# Got another S&W!



## berettatoter (Sep 1, 2011)

This time I got the M&P Shield 9mm, M2.0! I had a set of night sights installed on it. Won't be able to get it to the range until next weekend. I also ordered two more 8 round magazines.


----------



## pic (Nov 14, 2009)

berettatoter said:


> This time I got the M&P Shield 9mm, M2.0! I had a set of night sights installed on it. Won't be able to get it to the range until next weekend. I also ordered two more 8 round magazines.


Thinking of pocket carrying this's one ?


----------



## berettatoter (Sep 1, 2011)

pic said:


> Thinking of pocket carrying this's one ?


Well, I supposed I could with the shorter magazine and with a couple pairs of my pants, but not most of them. This one would really push the "pocket carry" envelope.
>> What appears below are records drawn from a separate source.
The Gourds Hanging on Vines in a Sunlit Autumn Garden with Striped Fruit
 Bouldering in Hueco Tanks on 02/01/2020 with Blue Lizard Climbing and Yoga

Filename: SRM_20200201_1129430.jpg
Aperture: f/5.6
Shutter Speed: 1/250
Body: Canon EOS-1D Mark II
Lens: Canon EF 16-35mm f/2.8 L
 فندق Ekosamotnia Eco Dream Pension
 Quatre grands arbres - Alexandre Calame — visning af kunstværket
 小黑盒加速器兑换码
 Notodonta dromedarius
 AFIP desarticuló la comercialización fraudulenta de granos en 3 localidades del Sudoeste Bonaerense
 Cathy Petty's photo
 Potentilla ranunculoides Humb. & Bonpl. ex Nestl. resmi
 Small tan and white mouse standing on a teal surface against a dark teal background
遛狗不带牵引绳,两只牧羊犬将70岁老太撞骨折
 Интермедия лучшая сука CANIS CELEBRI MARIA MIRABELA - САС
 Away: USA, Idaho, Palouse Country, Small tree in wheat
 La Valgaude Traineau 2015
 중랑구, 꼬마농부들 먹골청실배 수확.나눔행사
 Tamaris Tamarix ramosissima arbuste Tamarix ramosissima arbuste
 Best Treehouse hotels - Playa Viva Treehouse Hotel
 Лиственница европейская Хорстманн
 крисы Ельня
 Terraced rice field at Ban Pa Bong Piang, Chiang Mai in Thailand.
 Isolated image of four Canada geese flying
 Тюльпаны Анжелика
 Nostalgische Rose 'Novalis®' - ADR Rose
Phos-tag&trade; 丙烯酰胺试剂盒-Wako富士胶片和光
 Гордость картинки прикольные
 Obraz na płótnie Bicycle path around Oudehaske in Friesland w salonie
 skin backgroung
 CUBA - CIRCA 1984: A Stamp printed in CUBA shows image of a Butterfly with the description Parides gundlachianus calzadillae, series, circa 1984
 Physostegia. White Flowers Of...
Guess that's why my G42 gets carried so much, throughout the week.


----------



## Steven (Mar 2, 2012)

Nice looking pistol. I opted for the EZ-9 this time. Old age and arthritis makes racking the slide difficult but the EZ fixes that problem I think the 2.0 has a better trigger unfortunately neither fit in my pockets so I made an OWB holster for it.

Good luck and good shooting. Smith & Wesson makes a gun for all your needs.


----------



## SouthernBoy (Jun 27, 2007)

FWIW, had you considered their new M&P 8 Shield Plus? Really fine example of the Shield taken a few steps further towards the perfect subcompact carry pistol.


----------



## berettatoter (Sep 1, 2011)

Steven said:


> Nice looking pistol. I opted for the EZ-9 this time. Old age and arthritis makes racking the slide difficult but the EZ fixes that problem I think the 2.0 has a better trigger unfortunately neither fit in my pockets so I made an OWB holster for it.
> 
> Good luck and good shooting. Smith & Wesson makes a gun for all your needs.


Your right about that. The slide on these are difficult to rack, but I can still do it easy enough.


----------



## berettatoter (Sep 1, 2011)

SouthernBoy said:


> FWIW, had you considered their new M&P 8 Shield Plus? Really fine example of the Shield taken a few steps further towards the perfect subcompact carry pistol.


Yeah, I would love to have the plus, but I need to save up some more money to get that one. They are not as affordable as the first or second generation Shields. 

Besides, if I need more than two 8 round magazines, I better hope the cavalry shows up soon!


----------



## BigHead (Jul 5, 2015)

You da man!


----------